| Directions for this task |
Everything from the line with "Mercedes Amg S65" to the end of the data is to be retyped exactly, and nothing else.

(The data Opens)

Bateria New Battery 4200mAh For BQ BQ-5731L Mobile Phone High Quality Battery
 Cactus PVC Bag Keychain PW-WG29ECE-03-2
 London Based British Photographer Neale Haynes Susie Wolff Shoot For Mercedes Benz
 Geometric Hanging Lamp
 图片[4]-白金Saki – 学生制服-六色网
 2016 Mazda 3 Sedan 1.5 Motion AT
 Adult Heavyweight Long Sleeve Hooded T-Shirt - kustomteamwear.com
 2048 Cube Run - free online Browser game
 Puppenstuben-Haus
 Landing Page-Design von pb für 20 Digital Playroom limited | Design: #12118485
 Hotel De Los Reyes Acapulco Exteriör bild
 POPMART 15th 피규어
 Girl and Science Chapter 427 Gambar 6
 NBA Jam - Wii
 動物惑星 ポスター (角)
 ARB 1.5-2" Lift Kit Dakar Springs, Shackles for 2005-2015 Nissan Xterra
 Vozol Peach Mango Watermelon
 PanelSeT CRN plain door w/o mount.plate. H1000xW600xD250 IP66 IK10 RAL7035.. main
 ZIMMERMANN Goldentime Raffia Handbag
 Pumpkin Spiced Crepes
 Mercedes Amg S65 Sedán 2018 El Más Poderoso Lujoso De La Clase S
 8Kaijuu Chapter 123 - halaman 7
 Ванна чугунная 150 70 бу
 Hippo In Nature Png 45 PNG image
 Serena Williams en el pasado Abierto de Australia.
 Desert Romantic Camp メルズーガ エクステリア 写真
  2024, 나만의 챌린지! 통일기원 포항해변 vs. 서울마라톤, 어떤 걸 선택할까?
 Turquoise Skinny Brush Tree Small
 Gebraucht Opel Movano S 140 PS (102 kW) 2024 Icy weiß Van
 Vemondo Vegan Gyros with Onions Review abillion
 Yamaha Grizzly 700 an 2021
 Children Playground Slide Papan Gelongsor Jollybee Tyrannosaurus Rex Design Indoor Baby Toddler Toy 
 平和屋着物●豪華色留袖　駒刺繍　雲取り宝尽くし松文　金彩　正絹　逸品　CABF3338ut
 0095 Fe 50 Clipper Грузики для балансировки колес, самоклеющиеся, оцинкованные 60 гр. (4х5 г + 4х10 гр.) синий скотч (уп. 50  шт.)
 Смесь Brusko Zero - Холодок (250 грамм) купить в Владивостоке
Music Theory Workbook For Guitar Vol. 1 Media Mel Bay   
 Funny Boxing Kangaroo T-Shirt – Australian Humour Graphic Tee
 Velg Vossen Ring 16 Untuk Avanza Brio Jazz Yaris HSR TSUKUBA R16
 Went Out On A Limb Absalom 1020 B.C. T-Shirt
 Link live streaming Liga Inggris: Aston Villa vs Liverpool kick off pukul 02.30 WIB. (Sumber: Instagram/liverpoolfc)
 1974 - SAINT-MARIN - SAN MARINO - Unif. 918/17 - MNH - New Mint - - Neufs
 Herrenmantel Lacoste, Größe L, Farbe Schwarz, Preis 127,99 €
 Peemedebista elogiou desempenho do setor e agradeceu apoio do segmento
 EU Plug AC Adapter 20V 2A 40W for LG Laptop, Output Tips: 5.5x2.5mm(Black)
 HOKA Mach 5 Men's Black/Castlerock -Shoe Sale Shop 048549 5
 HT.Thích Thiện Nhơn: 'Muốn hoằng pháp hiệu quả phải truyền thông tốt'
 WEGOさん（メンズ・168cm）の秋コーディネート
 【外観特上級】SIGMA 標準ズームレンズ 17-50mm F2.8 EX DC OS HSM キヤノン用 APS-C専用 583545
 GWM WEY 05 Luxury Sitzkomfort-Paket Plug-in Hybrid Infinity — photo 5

(The data Closes)

| Task result |
 Mercedes Amg S65 Sedán 2018 El Más Poderoso Lujoso De La Clase S
 8Kaijuu Chapter 123 - halaman 7
 Ванна чугунная 150 70 бу
 Hippo In Nature Png 45 PNG image
 Serena Williams en el pasado Abierto de Australia.
 Desert Romantic Camp メルズーガ エクステリア 写真
  2024, 나만의 챌린지! 통일기원 포항해변 vs. 서울마라톤, 어떤 걸 선택할까?
 Turquoise Skinny Brush Tree Small
 Gebraucht Opel Movano S 140 PS (102 kW) 2024 Icy weiß Van
 Vemondo Vegan Gyros with Onions Review abillion
 Yamaha Grizzly 700 an 2021
 Children Playground Slide Papan Gelongsor Jollybee Tyrannosaurus Rex Design Indoor Baby Toddler Toy 
 平和屋着物●豪華色留袖　駒刺繍　雲取り宝尽くし松文　金彩　正絹　逸品　CABF3338ut
 0095 Fe 50 Clipper Грузики для балансировки колес, самоклеющиеся, оцинкованные 60 гр. (4х5 г + 4х10 гр.) синий скотч (уп. 50  шт.)
 Смесь Brusko Zero - Холодок (250 грамм) купить в Владивостоке
Music Theory Workbook For Guitar Vol. 1 Media Mel Bay   
 Funny Boxing Kangaroo T-Shirt – Australian Humour Graphic Tee
 Velg Vossen Ring 16 Untuk Avanza Brio Jazz Yaris HSR TSUKUBA R16
 Went Out On A Limb Absalom 1020 B.C. T-Shirt
 Link live streaming Liga Inggris: Aston Villa vs Liverpool kick off pukul 02.30 WIB. (Sumber: Instagram/liverpoolfc)
 1974 - SAINT-MARIN - SAN MARINO - Unif. 918/17 - MNH - New Mint - - Neufs
 Herrenmantel Lacoste, Größe L, Farbe Schwarz, Preis 127,99 €
 Peemedebista elogiou desempenho do setor e agradeceu apoio do segmento
 EU Plug AC Adapter 20V 2A 40W for LG Laptop, Output Tips: 5.5x2.5mm(Black)
 HOKA Mach 5 Men's Black/Castlerock -Shoe Sale Shop 048549 5
 HT.Thích Thiện Nhơn: 'Muốn hoằng pháp hiệu quả phải truyền thông tốt'
 WEGOさん（メンズ・168cm）の秋コーディネート
 【外観特上級】SIGMA 標準ズームレンズ 17-50mm F2.8 EX DC OS HSM キヤノン用 APS-C専用 583545
 GWM WEY 05 Luxury Sitzkomfort-Paket Plug-in Hybrid Infinity — photo 5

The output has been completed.